The Division noted some of the key differences between traditional investment advisers and Robo-advisers are as follows:
|Traditional Investment Advisers||Robo-advisers|
|Meet with and gather information from clients as part of a due diligence process||Do not meet with or conduct significant (or any) due diligence on a client|
|Provide personalized investment advice to clients with an eye to the information gathered||Provide investment advice that is minimally personalized|
|Use gathered information to make appropriate investment decisions on clients’ behalf||May fail to meet the high standard of care that is imposed on the appropriateness of investment advisers’ investment decision-making|
|Act in the best interests of his or her clients, unless otherwise disclosed||Specifically decline the obligation to act in a client’s best interests|
The Division has several concerns with the task of information collecting that is performed by Robo-advisors. Specifically, the brief questionnaire completed by clients often fails to inquire about outside holdings as well as tax, distribution, and income needs. These elements are considered essential in creating a financial profile for each client. Robo-Advisers often attempt to use disclaimers to avoid these duties, which shift the burden to the client and classify themselves as “portfolio managers” rather than “financial planners” or “wealth managers.”
Further, the Division has concerns related to the lack of personal touch and on-going monitoring of accounts. Investment selections are made solely based on the brief questionnaire and changes can potentially only be made after client intervention. Using an online platform, the adviser has no way of knowing whether a client suffers from diminished capacity or if the actual client populated the questionnaire. Also, Robo-advisers attempt to shift the burden of on-going due diligence to the client by including contractual language that requires the client to notify the Robo-adviser of any change in his or her financial situation. Although this language is not uncommon in traditional Investment Adviser contracts, it is problematic considering that Robo-advisors do not have annual meetings with their clients and do not know their clients personally.
Based on these issues, some question whether Robo-advisors should be classified as broker-dealers or mutual funds.
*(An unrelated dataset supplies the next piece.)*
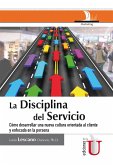 La disciplina del servicio: Cómo desarrollar una nueva cultura orientada al cliente y enfocada en la persona (eBook, PDF) La disciplina del servicio: Cómo desarrollar una nueva cultura orientada al cliente y enfocada en la persona (eBook, PDF)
Fiduciary Duty and Disclaimers
Several Robo-advisors attempt to avoid their fiduciary duty with disclosure language. For example, a Robo-advisor may include language such as: “the client is responsible for determining that investments are in the best interest of his or her financial needs”, “the client is responsible for notifying the advisor for any changes in financial circumstances”, and/or “the advisor is not responsible for account losses.”
The Division points that while federal law does permit advisers to disclaim certain aspects of their fiduciary duty of client, such as a conflict of interest, a full disclaimer of fiduciary duty would never be permissible.
Any industry professional has most likely had some of the same thoughts and concerns that the Division published. However, it is my belief that the Division’s opinion was slanted in that it failed to mention a few key points.
Several of the issues noted throughout the statement are not unique to Robo-advisors – most broker-dealers and traditional advisory firms permit online accounts that lack the human element. These firms along with Robo-advisors need to develop a process to ensure that clients are in-fact entering information and that the clients are not suffering from diminished capacity.
It is clear that regardless of the fee charged, investment advisers have a fiduciary duty to their client. That being said, the Division failed to point out that Robo-advisor fees are often substantially less than those charged by traditional advisors, most often 10-20% percent of the fees that traditional advisors charge. The clients using these online-applications understand that they are not getting personalized service because of this reduced fee.
The Division cautions that it will scrutinize Robo-advisor firms filing for state registration. However, most Robo-advisors are SEC registered as large investment advisors, internet advisers, or as multi-state advisors. As such, the Division will likely have to defer to the SEC for enforcement on this matter.
Red Oak will continue to monitor the regulatory landscape and issue updates as other states or the SEC offer guidance on how Robo-advisors must fulfill their fiduciary duty to their clients.